3. Como energía que tiende a la abertura, la alegría es dinámica, transformadora. Es también lícito y humano buscar un estado tranquilizador, una quietud perfecta. Pero no es esa la dirección en que apunta la alegría cristiana, que es impulso transformador, ya que ningún límite de fatalidad puede cortar de un posible cambio. El Cristianismo, incluso en los casos de máxima abstracción mística, no pierde su sentido de principio transformador de la realidad: “Vosotros sois la sal de la tierra…”. Impulso que, llevado al extremo, cae en el activismo, que también sale fuera del ámbito cristiano.

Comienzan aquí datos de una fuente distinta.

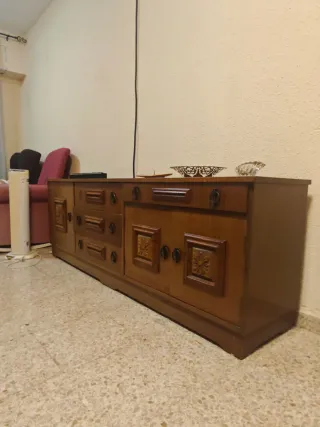 Mueble de salón de madera Vintage.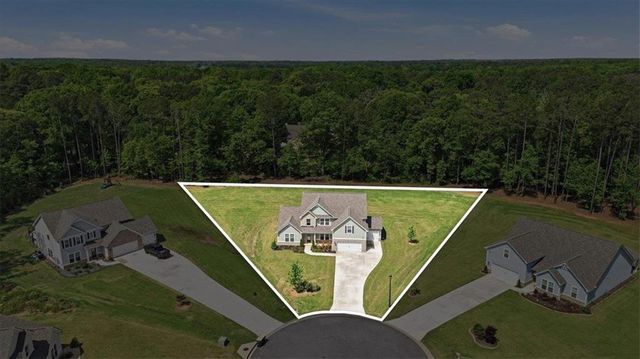 2 Whites Pond Road, Moreland, GA 30259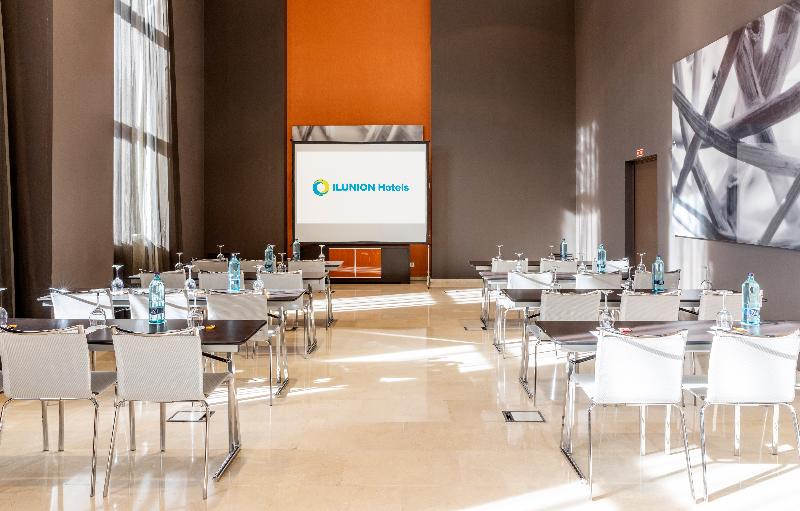 هتل Ilunion Aqua 3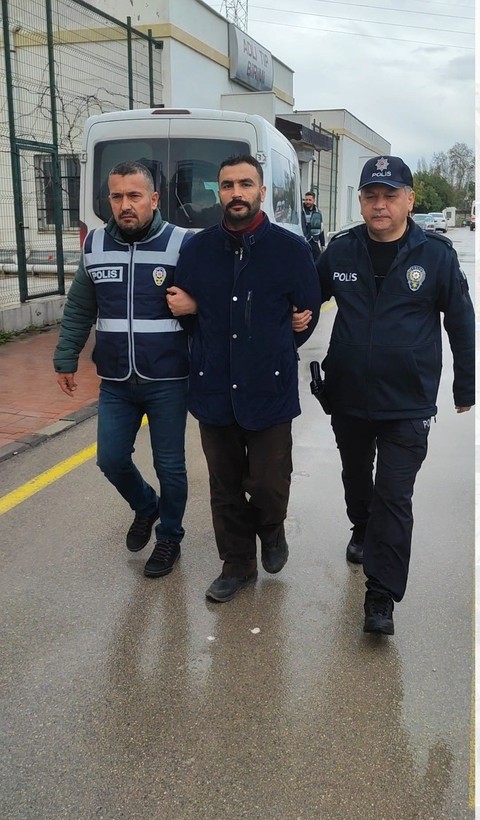 Fahiş kira bedeli uyguladığı için gözaltına alındığı iddia edilmişti ev sahibi sessizliğini bozdu - Resim: 3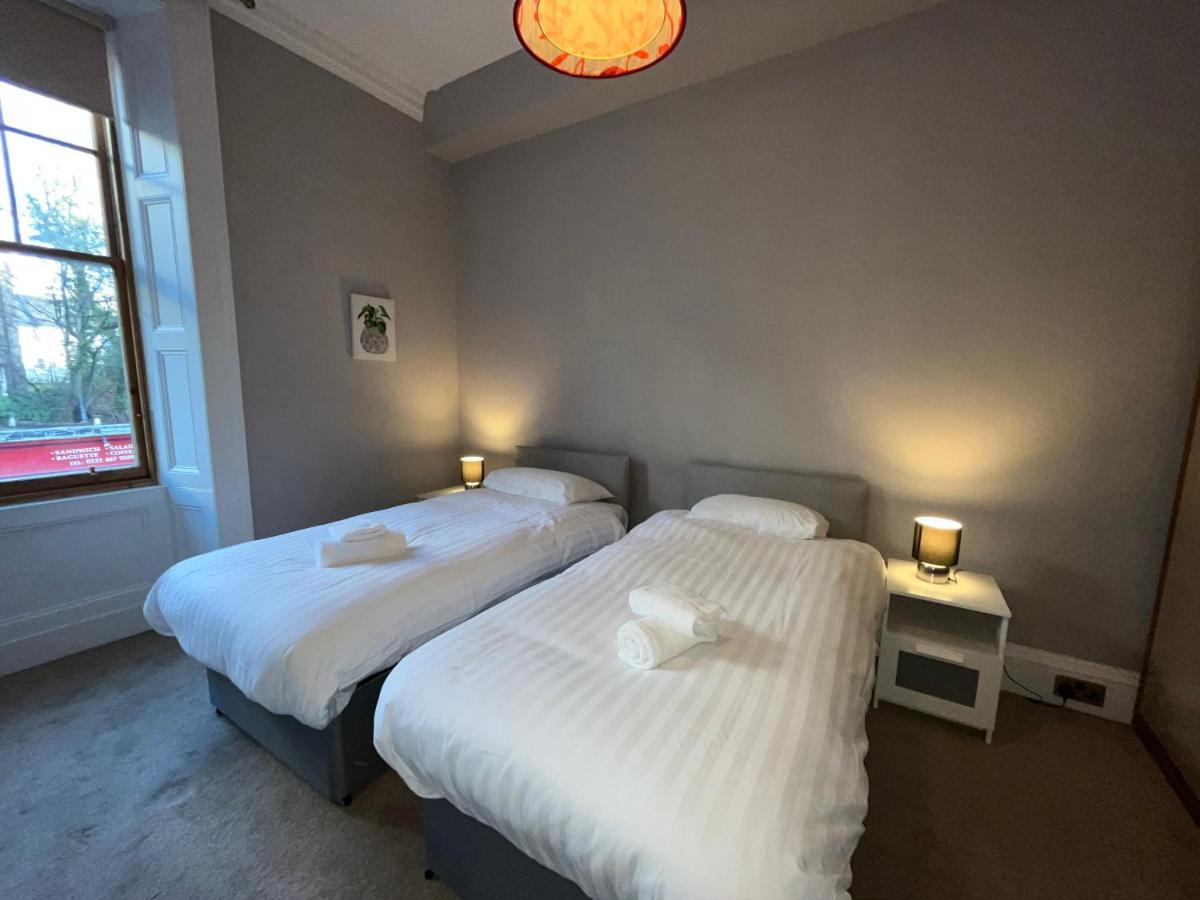 Bright 3 Bedroom Edinburgh City Apt Екстериор снимка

4. Por último, nada de todo esto tendría una sustento sólido sin un componente sobrenatural. Sin él, todo sería un puro psicologismo, que, al final, derivaría en la algarabía hueca o en quietismo resignado. La alegría, por tanto, es el fruto -uno de ellos- de la Gracia actuando sobre el alma humana y de la voluntad acogiéndose y acomodándose al impulso de la Gracia. La alegría, como las demás virtudes, no puede actuar sólo con medios meramente humanos, aunque necesita la aceptación libre, voluntaria y activa de cada uno. Como conclusión, podría decirse que la alegría es una de las formas -quizá la más evidente- que toma el soplo del Espíritu sobre nosotros.